Quant à l’argument de l’intérêt de l’enfant, il fait mouche, c’est sûr. Mais il ne faut pas oublier que ce qui est au centre de notre construction juridique, ce n’est pas l’intérêt de l’enfant, mais la liberté de procréer et de fonder une famille.
Ainsi, les pauvres, les alcooliques, les handicapés, les brutes, les irresponsables ont le même droit de créer une famille que les riches, les bien-portants et les plus cultivés. Ce qui justifie ces libertés, c’est le refus de l’eugénisme. Mais il s’ensuit que la liberté de créer une famille n’est plus liée à l’idée d’intérêt des enfants. Sauf dans un seul cas, celui des gays et des lesbiennes. Il n’y a plus que les gays et les lesbiennes à qui on dénie le droit de créer une famille au nom de l’intérêt de l’enfant. L’homophobie continue d’exercer ses ravages !

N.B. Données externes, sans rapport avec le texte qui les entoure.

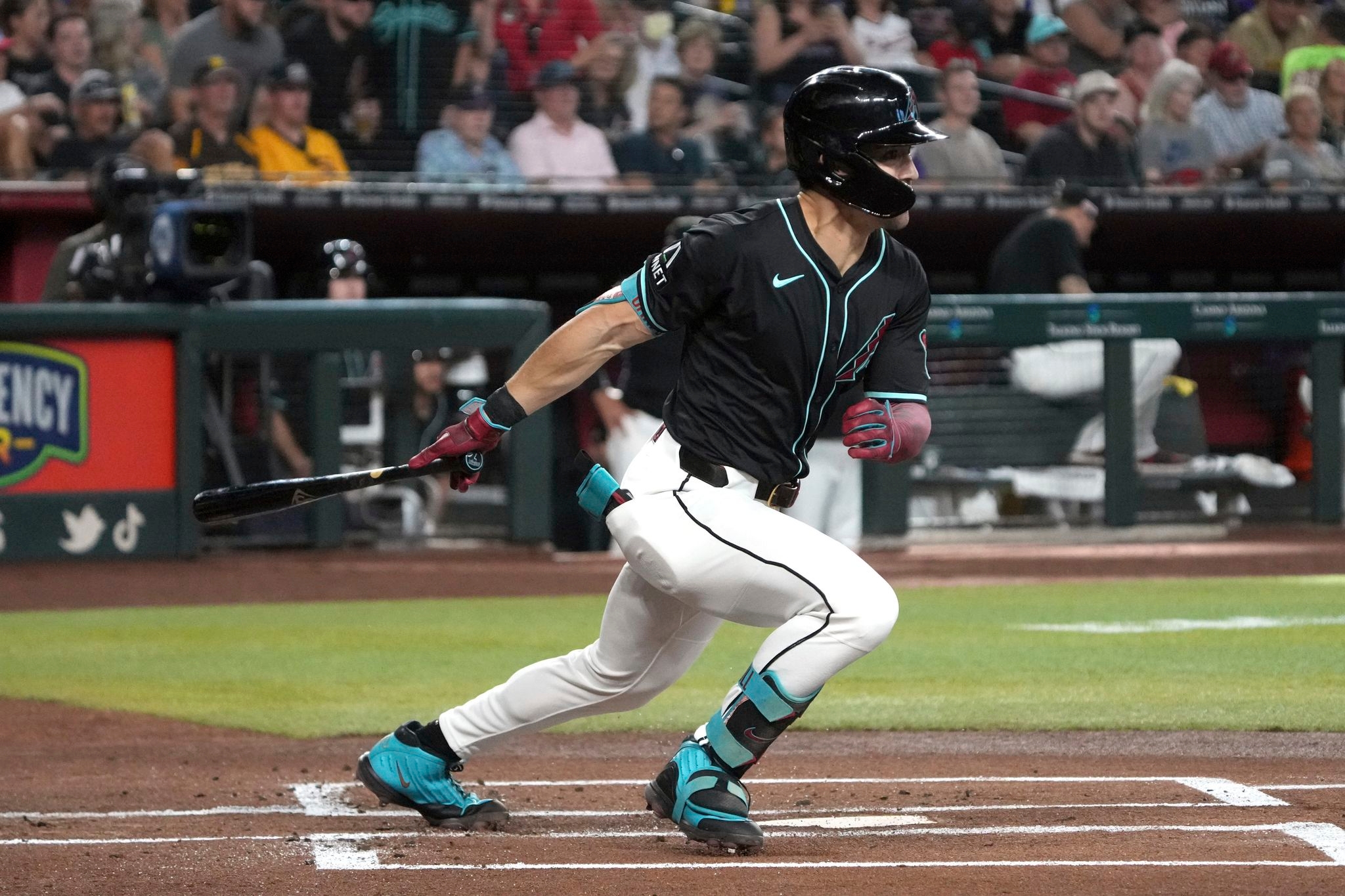 Diamondbacks OF Carroll exits game at Toronto after being hit on left hand by pitch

Vous avez dit que l’Etat n’était peut-être pas légitime à s’immiscer dans les mœurs. Un cadre juridique, même minimal, n’est-il pas indispensable pour éviter certaines dérives ?
J’estime que l’État ne doit pas contrôler ce que les gens font de leur propre vie ou ce que des adultes consentants font entre eux, dans la mesure où ils ne cherchent pas à causer de torts aux autres. Mais je soutiens l’intervention de l’État pour empêcher qu’on cause délibérément du tort aux autres, en les exploitant, en les persécutant, etc. A mon avis, ces deux principes suffisent largement, si on les respecte, pour éviter les dérives.